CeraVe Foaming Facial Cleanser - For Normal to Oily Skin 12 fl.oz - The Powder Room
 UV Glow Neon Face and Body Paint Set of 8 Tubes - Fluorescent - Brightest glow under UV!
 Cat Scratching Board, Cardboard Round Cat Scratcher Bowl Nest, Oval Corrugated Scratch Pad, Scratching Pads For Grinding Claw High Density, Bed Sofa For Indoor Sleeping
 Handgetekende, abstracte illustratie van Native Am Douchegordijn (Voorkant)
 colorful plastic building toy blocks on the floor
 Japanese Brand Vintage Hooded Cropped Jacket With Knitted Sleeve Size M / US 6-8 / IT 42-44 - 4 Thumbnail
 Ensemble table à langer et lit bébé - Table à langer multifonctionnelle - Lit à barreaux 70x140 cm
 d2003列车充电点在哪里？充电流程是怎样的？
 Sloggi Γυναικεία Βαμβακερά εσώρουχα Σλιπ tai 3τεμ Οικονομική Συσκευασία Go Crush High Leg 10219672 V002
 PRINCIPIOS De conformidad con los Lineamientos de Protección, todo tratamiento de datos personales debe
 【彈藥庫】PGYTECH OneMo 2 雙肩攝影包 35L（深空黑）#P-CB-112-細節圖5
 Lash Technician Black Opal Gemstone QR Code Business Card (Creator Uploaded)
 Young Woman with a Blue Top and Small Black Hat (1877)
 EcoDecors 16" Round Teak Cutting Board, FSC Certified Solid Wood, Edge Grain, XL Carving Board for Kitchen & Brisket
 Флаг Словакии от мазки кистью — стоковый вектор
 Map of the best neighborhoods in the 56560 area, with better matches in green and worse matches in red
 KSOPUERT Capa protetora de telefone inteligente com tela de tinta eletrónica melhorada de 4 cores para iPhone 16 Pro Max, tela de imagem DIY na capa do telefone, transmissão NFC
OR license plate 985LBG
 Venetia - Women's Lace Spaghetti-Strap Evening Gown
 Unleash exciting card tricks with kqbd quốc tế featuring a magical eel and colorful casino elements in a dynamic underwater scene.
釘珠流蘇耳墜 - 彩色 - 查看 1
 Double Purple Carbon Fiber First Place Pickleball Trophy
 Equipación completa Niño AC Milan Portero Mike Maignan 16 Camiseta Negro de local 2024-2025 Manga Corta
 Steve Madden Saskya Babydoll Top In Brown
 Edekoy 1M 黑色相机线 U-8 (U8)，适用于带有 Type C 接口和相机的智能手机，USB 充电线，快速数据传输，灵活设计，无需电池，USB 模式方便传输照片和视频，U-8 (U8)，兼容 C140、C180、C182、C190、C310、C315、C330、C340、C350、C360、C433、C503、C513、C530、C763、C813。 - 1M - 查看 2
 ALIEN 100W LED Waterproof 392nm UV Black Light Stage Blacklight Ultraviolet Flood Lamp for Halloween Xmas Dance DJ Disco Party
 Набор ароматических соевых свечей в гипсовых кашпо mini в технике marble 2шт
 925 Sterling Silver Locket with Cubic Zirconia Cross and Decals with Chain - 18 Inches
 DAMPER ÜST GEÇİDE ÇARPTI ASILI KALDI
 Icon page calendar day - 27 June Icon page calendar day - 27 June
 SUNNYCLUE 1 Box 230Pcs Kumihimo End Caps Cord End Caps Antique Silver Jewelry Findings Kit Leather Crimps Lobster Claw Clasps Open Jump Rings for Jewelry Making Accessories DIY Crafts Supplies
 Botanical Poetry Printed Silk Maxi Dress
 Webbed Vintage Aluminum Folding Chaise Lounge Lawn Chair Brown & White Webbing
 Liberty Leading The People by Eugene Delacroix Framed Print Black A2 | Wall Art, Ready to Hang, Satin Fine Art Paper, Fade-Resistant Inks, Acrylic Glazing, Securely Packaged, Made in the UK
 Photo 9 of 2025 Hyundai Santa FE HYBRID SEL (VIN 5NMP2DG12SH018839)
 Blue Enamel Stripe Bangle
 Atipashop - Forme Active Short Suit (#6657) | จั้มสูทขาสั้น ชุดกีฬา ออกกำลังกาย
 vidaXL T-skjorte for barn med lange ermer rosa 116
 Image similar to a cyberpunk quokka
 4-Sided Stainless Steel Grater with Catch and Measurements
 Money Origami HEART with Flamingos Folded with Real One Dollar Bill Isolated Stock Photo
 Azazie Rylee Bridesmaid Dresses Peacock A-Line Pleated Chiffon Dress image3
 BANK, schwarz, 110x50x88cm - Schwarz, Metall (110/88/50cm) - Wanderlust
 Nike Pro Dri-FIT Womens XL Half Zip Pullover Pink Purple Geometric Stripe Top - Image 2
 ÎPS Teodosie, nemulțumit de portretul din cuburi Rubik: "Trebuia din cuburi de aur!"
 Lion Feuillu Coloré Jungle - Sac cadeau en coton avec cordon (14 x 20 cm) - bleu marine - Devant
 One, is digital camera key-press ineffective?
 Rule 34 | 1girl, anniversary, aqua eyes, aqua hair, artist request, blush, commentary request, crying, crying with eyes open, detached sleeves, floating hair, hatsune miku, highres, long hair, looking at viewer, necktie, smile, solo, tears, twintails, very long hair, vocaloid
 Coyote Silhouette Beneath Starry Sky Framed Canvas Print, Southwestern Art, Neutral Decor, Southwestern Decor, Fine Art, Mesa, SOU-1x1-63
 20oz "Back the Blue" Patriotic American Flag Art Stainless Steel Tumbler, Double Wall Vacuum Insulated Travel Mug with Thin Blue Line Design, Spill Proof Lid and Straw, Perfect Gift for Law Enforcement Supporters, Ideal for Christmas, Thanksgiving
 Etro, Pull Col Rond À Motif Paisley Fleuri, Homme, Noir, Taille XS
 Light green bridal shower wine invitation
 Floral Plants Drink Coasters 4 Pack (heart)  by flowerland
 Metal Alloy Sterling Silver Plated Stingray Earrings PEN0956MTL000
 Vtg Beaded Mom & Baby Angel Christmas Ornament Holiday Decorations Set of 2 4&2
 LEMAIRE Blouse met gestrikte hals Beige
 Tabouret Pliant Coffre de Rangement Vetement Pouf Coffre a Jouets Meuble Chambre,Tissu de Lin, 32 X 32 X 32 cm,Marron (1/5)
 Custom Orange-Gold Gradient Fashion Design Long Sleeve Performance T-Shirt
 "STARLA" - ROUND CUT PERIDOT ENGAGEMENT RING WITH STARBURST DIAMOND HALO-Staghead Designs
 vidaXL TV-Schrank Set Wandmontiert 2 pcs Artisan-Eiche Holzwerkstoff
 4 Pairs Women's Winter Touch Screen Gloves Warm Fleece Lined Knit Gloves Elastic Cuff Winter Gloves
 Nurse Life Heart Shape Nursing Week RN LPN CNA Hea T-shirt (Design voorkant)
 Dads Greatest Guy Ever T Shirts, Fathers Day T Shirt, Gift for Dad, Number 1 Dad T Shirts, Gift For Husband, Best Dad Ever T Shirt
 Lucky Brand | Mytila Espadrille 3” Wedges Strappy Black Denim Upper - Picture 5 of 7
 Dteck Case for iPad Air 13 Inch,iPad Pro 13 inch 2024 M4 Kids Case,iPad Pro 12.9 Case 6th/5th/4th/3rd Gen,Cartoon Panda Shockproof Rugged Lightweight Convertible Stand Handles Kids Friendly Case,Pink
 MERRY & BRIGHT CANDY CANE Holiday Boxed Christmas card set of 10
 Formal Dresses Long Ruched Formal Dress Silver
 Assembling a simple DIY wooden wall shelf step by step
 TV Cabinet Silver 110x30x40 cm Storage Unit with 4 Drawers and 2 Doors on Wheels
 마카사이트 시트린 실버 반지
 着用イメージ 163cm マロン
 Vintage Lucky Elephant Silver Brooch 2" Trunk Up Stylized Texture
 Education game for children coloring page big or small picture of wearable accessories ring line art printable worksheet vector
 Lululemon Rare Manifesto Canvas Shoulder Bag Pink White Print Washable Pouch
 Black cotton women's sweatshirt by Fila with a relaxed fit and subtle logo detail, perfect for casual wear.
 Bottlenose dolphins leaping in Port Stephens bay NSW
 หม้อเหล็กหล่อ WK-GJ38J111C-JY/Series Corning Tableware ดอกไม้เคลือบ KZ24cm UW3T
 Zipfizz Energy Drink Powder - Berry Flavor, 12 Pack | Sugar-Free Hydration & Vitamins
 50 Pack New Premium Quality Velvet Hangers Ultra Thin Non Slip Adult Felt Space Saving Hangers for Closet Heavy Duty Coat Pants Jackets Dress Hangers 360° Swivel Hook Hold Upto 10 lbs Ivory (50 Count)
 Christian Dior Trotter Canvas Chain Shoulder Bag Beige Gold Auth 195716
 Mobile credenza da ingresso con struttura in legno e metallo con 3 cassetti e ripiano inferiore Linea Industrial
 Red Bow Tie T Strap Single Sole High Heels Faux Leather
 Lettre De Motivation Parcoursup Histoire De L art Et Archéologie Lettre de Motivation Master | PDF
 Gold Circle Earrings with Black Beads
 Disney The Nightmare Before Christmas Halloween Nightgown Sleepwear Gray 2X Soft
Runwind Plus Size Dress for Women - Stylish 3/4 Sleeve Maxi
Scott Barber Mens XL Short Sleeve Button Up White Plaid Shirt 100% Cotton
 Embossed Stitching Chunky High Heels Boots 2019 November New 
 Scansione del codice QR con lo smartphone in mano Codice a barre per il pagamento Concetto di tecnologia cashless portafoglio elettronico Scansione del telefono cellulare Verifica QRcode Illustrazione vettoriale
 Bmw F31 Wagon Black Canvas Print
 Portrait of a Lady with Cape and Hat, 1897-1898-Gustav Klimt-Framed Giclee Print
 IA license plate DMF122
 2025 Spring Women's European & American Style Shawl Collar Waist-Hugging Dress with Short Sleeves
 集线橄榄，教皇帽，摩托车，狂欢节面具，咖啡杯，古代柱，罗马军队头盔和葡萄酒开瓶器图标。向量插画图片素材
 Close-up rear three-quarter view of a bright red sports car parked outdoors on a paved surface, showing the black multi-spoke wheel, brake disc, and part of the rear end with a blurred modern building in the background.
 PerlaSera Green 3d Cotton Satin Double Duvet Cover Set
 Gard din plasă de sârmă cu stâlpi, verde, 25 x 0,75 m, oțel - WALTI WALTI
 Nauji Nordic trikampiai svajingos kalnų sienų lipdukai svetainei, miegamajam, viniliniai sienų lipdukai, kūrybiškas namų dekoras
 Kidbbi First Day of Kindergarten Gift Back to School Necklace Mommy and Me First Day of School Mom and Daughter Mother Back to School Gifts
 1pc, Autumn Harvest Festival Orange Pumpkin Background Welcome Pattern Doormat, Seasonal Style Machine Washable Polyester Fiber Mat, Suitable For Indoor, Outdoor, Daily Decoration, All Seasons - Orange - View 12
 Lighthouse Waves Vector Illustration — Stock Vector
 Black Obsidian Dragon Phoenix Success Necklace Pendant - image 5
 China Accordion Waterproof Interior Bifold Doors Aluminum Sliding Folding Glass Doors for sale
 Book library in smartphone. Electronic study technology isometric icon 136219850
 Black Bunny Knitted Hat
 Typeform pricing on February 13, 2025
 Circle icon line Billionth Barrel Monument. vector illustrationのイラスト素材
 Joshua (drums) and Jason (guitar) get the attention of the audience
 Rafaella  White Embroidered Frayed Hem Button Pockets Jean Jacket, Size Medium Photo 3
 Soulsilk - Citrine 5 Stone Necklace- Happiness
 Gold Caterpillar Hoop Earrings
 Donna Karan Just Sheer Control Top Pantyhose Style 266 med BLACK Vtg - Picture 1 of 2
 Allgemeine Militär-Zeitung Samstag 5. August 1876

+ + + + +

*Task objective*: Looking at the data above, write out exactly the lines that start at the one containing "Disney The Nightmare" and end at the one containing "Embossed Stitching Chunky"; include both and nothing beyond.

*Response to this task*:
 Disney The Nightmare Before Christmas Halloween Nightgown Sleepwear Gray 2X Soft
Runwind Plus Size Dress for Women - Stylish 3/4 Sleeve Maxi
Scott Barber Mens XL Short Sleeve Button Up White Plaid Shirt 100% Cotton
 Embossed Stitching Chunky High Heels Boots 2019 November New 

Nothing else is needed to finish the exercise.